My PRSA after retiring from work with a new job
Q I have a Personal Retirement Savings Account (PRSA) that I set up myself about ten years ago and have been saving for all this time. I’ve just started a new job – which has me joining a defined benefit pension scheme. Can I still deposit into my PRSA? Ian, Co. Wexford
A When you join a company-sponsored pension, you must stop making contributions to your current PRSA. In the future you may wish to make pension contributions in addition to your normal contributions to your occupational pension scheme. Such contributions are called Additional Voluntary Contributions (AVCs) and can either be paid into your own AVC-PRSA (if you cannot make AVCs through your employer’s pension scheme) or into your new employer’s AVC scheme (if your employer has an AVC scheme set up) to be paid in ).
While you currently have a PRSA, an AVC-PRSA is an entirely separate contract linked only to your own pension contributions from your new job. Your existing PRSA cannot be converted to an AVC-PRSA. If your employer has an AVC scheme, tax relief on your own contributions to that scheme can now be offset by your employer’s payslip – so unlike your current PRSA, you should not have to reclaim tax relief on your contributions yourself.
There are some key points to keep in mind regarding any PRSAs you have. First, you should review your PRSA annually. Your PRSA provider is required by law to send you a statement every six months. This allows you to check how the PRSA is performing and whether any investment shifts are needed.
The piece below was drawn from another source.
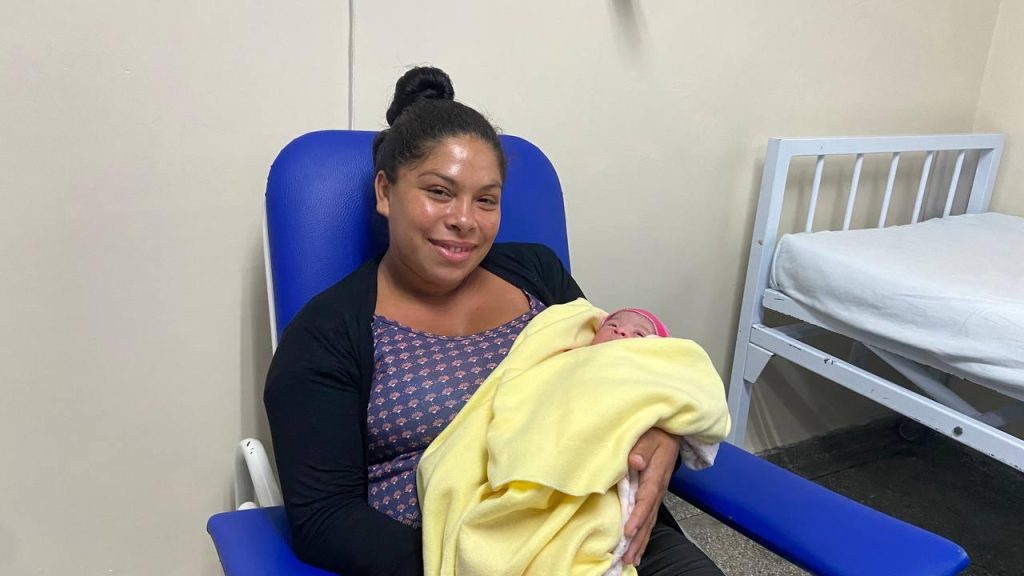 Jennifer é a primeira bebê de 2023 na rede pública do Amazonas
You may have the option to port your current PRSA into your new employer’s AVC system (if they have one). There are pros and cons to transferring your PRSA, so it is important to seek independent financial advice before transferring.
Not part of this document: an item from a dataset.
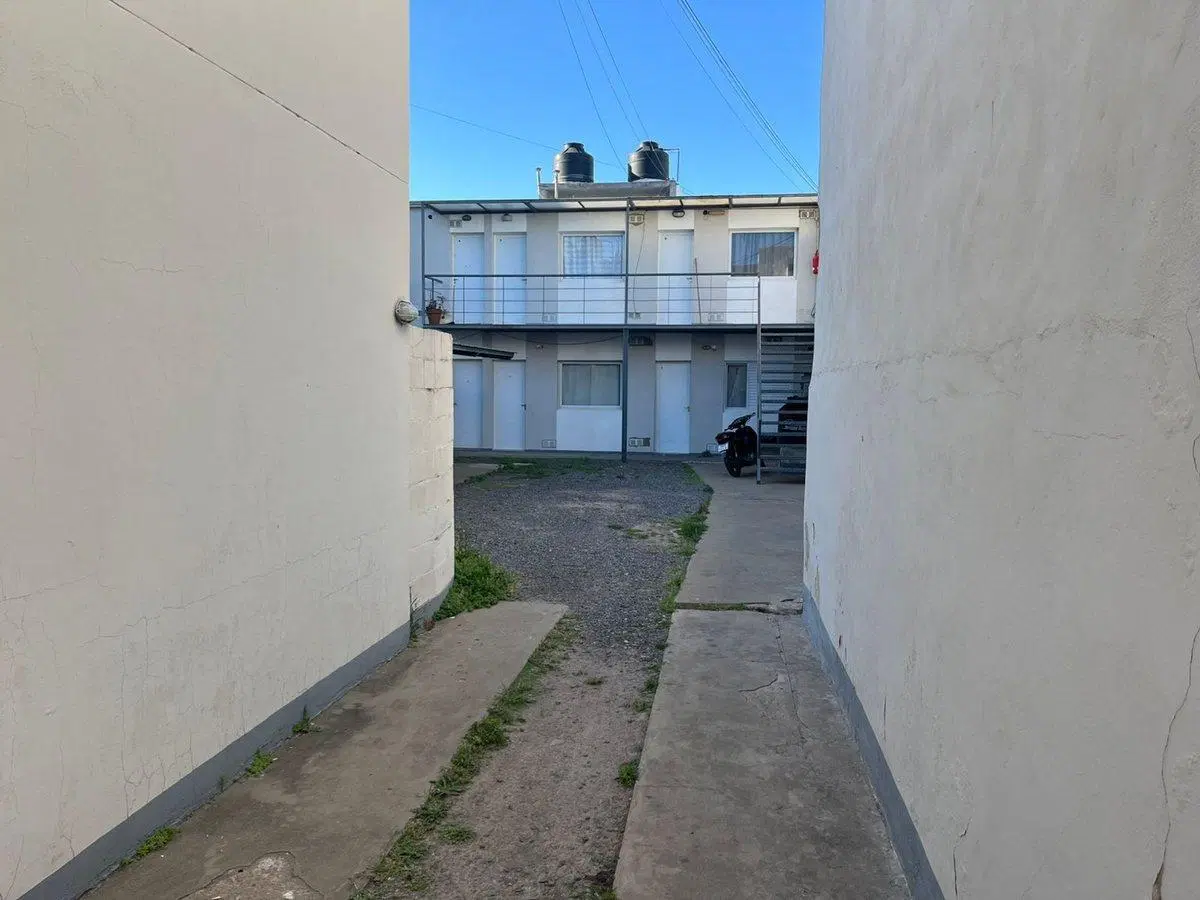 VENTA DEPARTAMENTO AL FRENTE CON COCHERA 3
Decisions to be made in the run-up to retirement
Q I plan to retire at 65 in two years. I have a pension that I’ve been saving for for the last 35 years – and some pensions that I’ve been saving for a few years early in my career. What decisions do I need to make regarding retirement planning as I approach retirement? Alan, Co. Louth
A There are a number of important areas to focus on as you approach retirement.
One is cash flow forecasting — where you forecast your income and expenses, as well as your assets, taxes, and liabilities over a lifetime. Consider seeking independent financial advice to get a realistic estimate of the amount of money you will need in retirement.
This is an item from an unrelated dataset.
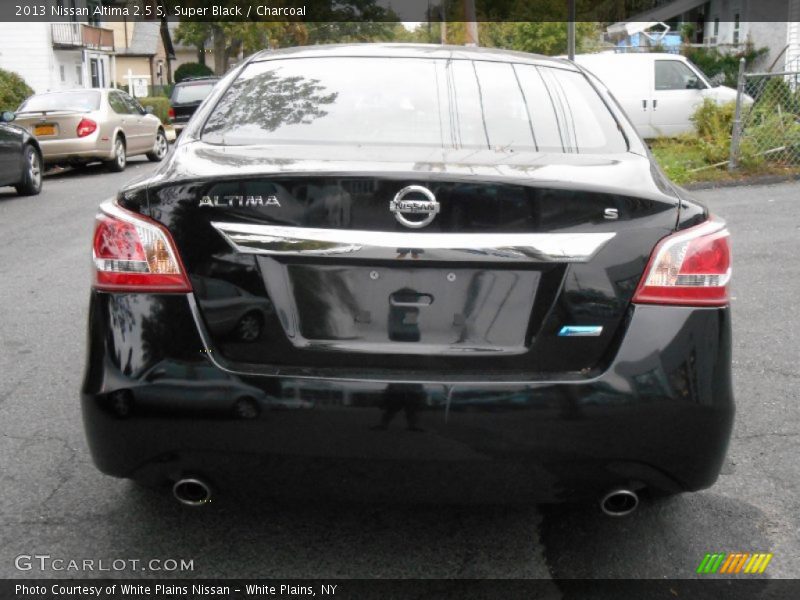Super Black / Charcoal 2013 Nissan Altima 2.5 S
Another is investment planning – where you decide how to invest your current wealth and future savings based on your financial goals, risk appetite and current financial situation. Here, too, independent financial advice would make sense.
Also important is retirement planning, where you review your pension and make decisions based on your circumstances. In terms of specific decisions you need to make around your retirement, consider whether you’re maximizing your retirement contributions and, more importantly, consider where your retirement account is invested. Pension funds have been extremely volatile this year and you should make sure the fund you invest in is appropriate for someone who is two years away from retirement.
Another important area is tax planning, where you will develop a plan aimed at minimizing taxes to be paid in retirement while remaining compliant with all tax laws.
This also applies to estate planning – specifically how to maximize the value of your estate by reducing taxes and other expenses.
Welfare should also be considered as you need to weigh up front if you are on track to receive welfare if you qualify for it in retirement.
Finally, compile a list of your expenses – including everyday expenses (e.g. groceries and electricity) and one-off costs (e.g. insurance with annual payments and holidays). This will give you an idea of the expenses to prepare for as you approach retirement. Also consider whether you should put some money aside in case you need care in old age.